#### [Input data]
###
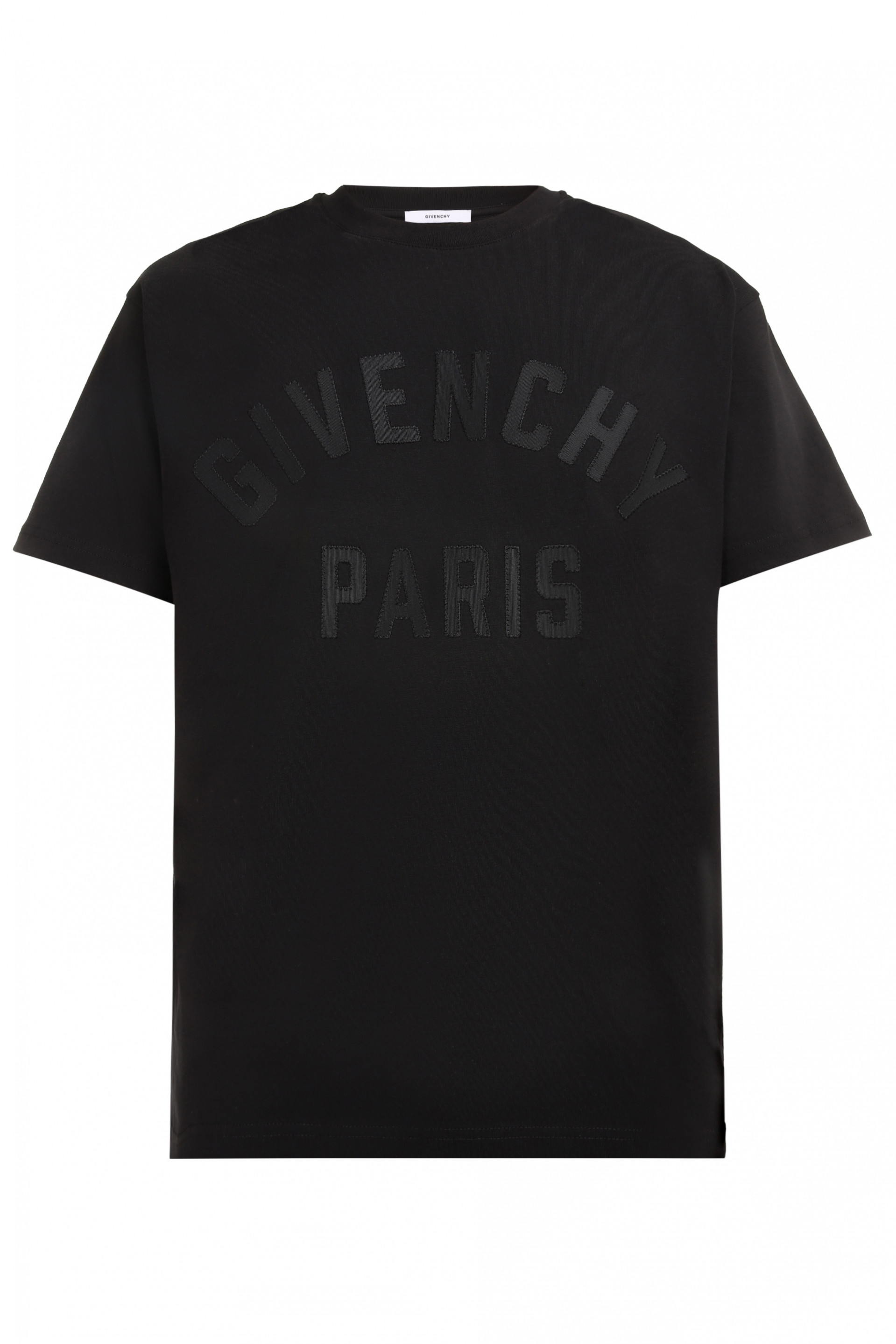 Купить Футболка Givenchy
###
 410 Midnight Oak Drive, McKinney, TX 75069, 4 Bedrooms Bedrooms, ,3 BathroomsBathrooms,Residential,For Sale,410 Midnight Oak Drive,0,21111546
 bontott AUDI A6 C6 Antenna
###
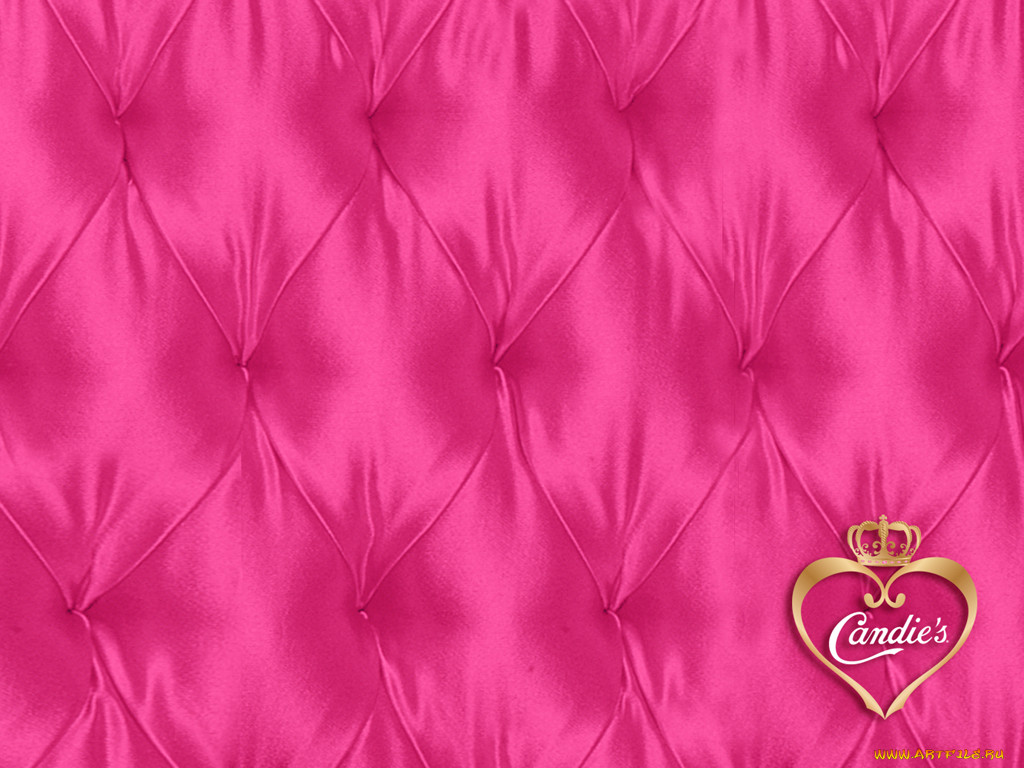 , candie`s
###
#### [Prompt]
Restate word for word the lines of the data above, starting at the line containing "410 Midnight Oak Drive, McKinney, TX" and ending at the line containing "bontott AUDI A6 C6 Antenna", both included, and nothing more.

#### [Problem solution]
 410 Midnight Oak Drive, McKinney, TX 75069, 4 Bedrooms Bedrooms, ,3 BathroomsBathrooms,Residential,For Sale,410 Midnight Oak Drive,0,21111546
 bontott AUDI A6 C6 Antenna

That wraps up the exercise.